On Mon, Aug 12, 2024 at 10:15 AM Kui-Feng Lee <sinquersw@xxxxxxxxx> wrote:
>
>
>
> On 8/12/24 09:58, Alexei Starovoitov wrote:
> > On Wed, Aug 7, 2024 at 4:58 PM Kui-Feng Lee <thinker.li@xxxxxxxxx> wrote:
> >> +
> >> +       user_data_mmap = mmap(NULL, sizeof(*user_data_mmap), PROT_READ | PROT_WRITE,
> >> +                             MAP_PRIVATE | MAP_ANONYMOUS, -1, 0);
> >> +       if (!ASSERT_NEQ(user_data_mmap, MAP_FAILED, "mmap"))
> >> +               return;
> >> +
> >> +       memcpy(user_data_mmap, &user_data_mmap_v, sizeof(*user_data_mmap));
> >> +       value.udata_mmap = user_data_mmap;
> >> +       value.udata = &user_data;
> >
> > There shouldn't be a need to do mmap(). It's too much memory overhead.
> > The user should be able to write:
> > static __thread struct user_data udata;
> > value.udata = &udata;
> > bpf_map_update_elem(map_fd, my_task_fd, &value)
> > and do it once.
> > Later multi thread user code will just access "udata".
> > No map lookups.
>
> mmap() is not necessary here. There are two pointers here.
> udata_mmap one is used to test the case crossing page boundary although
> in the current RFC it fails to do it. It will be fixed later.
> udata one works just like what you have described, except user_data is a
> local variable.

Hmm. I guess I misread the code.
But then:
+       struct user_data user_data user_data = ...;
+       value.udata = &user_data;

how is that supposed to work when the address points to the stack?
I guess the kernel can still pin that page, but it will be junk
as soon as the function returns.

> >
> > If sizeof(udata) is small enough the kernel will pin either
> > one or two pages (if udata crosses page boundary).
> >
> > So no extra memory consumption by the user process while the kernel
> > pins a page or two.
> > In a good case it's one page and no extra vmap.
> > I wonder whether we should enforce that one page case.
> > It's not hard for users to write:
> > static __thread struct user_data udata __attribute__((aligned(sizeof(udata))));
>
> With one page restriction, the implementation would be much simpler. If
> you think it is a reasonable restriction, I would enforce this rule.

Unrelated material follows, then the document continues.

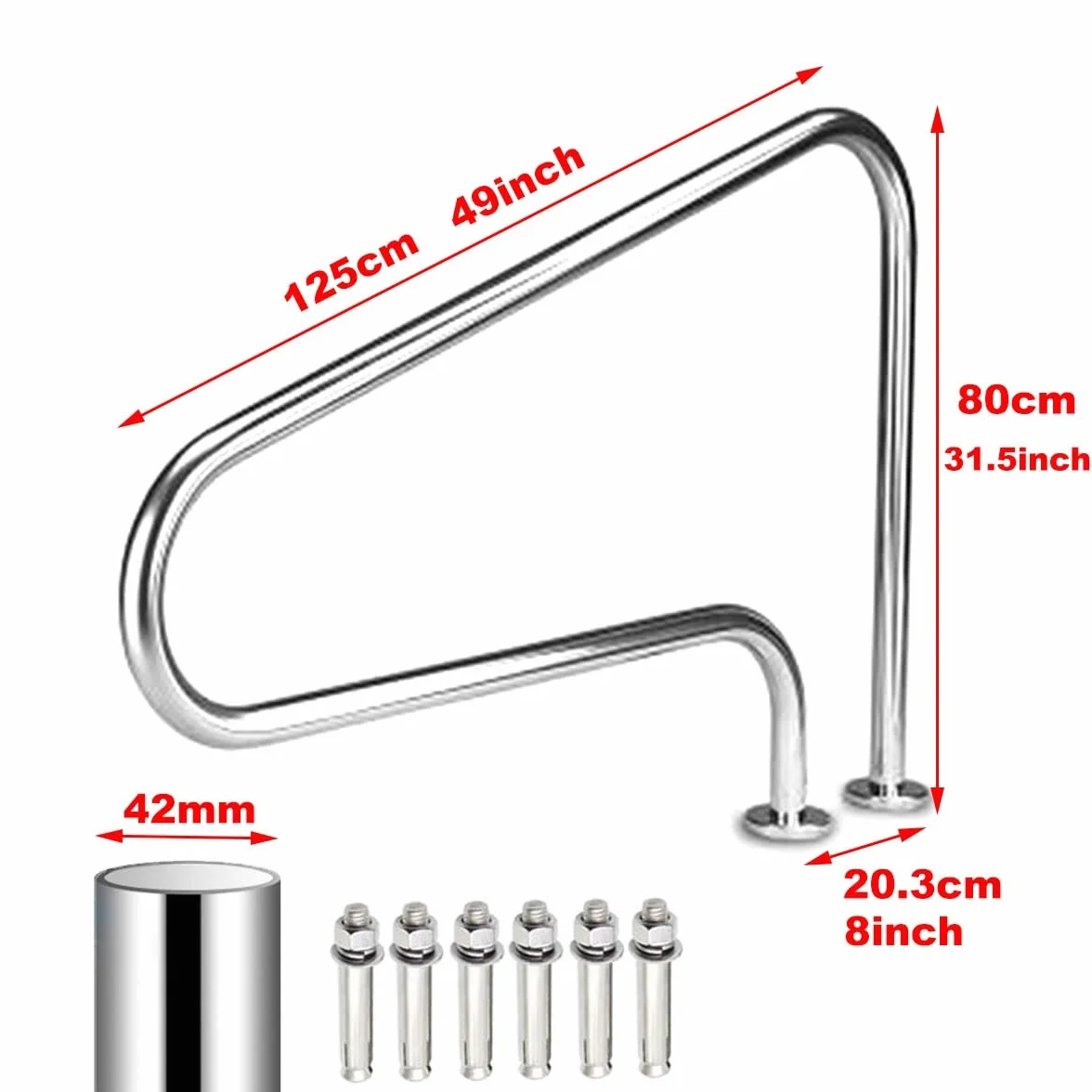 Pasamanos de Piscina de Acero Inoxidable 304, Barandilla para Piscina Enterrada, 250kg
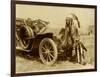 Native American Indian With Full Regalia And Headdress. From Horse To Automobile-Circa 1915-null-Framed Art Print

I'm worried about vmap(). Doing it for every map elemen (same as every
task) might add substantial kernel side overhead.
On my devserver:
sudo cat /proc/vmallocinfo |grep vmap|wc -l
105
sudo cat /proc/vmallocinfo |wc -l
17608

I believe that the mechanism scales to millions, but adding one more
vmap per element feels like a footgun.
To avoid that the user would need to make sure their user_data doesn't
cross the page, so imo we can make this mandatory.